House of Terror: A museum dedicated to the memory of the Hungarians tortured and killed by two oppressive regimes, backed by Nazi Germany and the Soviets during the 20th century. The House of Terror details the history of what happened during the course of the regimes, both at a political and a social level, and also highlights the spiritedness of the Hungarians in the face of adversity. Entry is 1000 forint for EU students and seniors, and 2000 forint for adults.

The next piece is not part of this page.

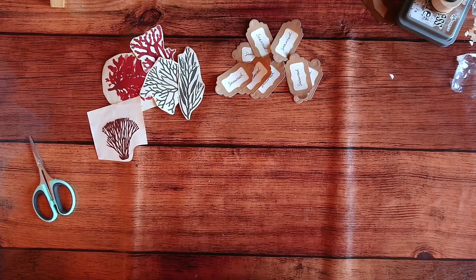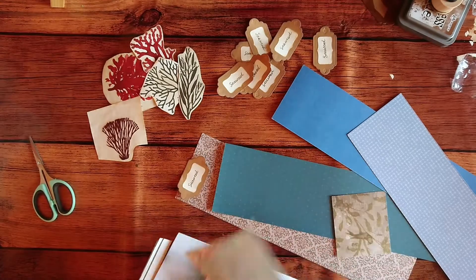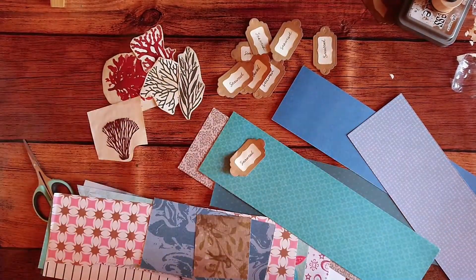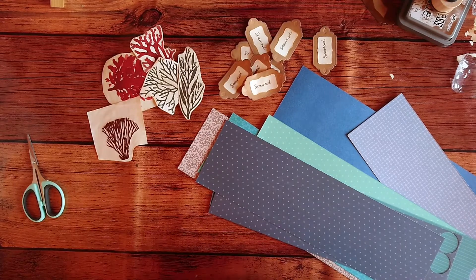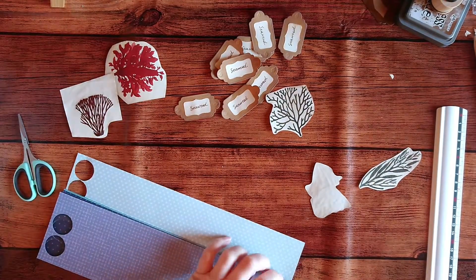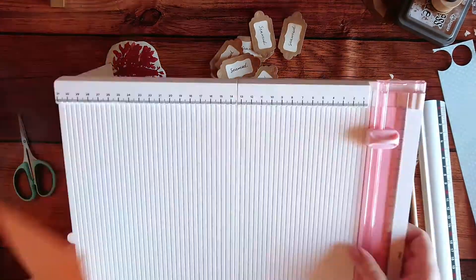I've selected a couple of papers that I think would look nice — they're all dark blue papers. I'm just checking out which ones would be the best. I do need eight, and I don't have a lot of similar papers so they're pretty much all going to be different, which I think is really cool. Now I'm just going to cut them all to the same size.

Szimpla Kert: Legendary cyberpunk nightspot for a casual drink or a good night out, the old factory-turned-pub-slash-open air cinema, is an art haven providing creative talents the chance to sell their products to revellers. This place has everything. It’s beyond rad. It’s the type of bohemian venue that every bar owner should aim to have. During the day, there are farmers’ markets promoting sustainable eating, recording studios where many-a-great LP has been produced, and weekly non-profit showcasings where those fighting for worthy causes have the chance to raise awareness and funds.

Must eat:

Chicken paprika with nokedli dumplings.

Must drink:

Palinka.

If Budapest was a song, what would it be?

Hey Porsche, by Nelly.

If Budapest was a celebrity, who would it be?

Charlie Hunnam.

If Budapest was a fruit, what would it be?

A strawberry.

If Budapest was a colour, what would it be?

Gold.

If Budapest was a feeling, what would it be?

Funk and lively. Historic parties of faded grandeur and pretty people. Lovable grunge with a touch of street. If this is your first time in Budapest, I guarantee that it won’t be your last.

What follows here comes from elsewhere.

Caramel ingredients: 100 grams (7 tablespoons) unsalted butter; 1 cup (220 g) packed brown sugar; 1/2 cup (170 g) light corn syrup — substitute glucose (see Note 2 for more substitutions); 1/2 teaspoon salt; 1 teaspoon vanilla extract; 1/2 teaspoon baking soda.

So will you choose Amsterdam or Budapest?

Experiencing Amsterdam and Budapest will allow you to create a bridge between East and West, and in a world where every blogger and media outlet has an opinion, you’ll finally have the chance to form your own. Amsterdam will open your eyes to just how cool this world can be. Budapest will reveal its hidden charm in the most random of corners. Both, however, will become the colourful splash on your travel canvas, the brightest, most revealing of all travel hues. Most of all, you’ll have the chance to dispel a tired travel myth: that Eastern Europe is unfriendly to newcomers, and that Amsterdam is a stoner’s hangout.

So, while both cities are equally remarkable and dynamic, if you could only choose one, which would it be?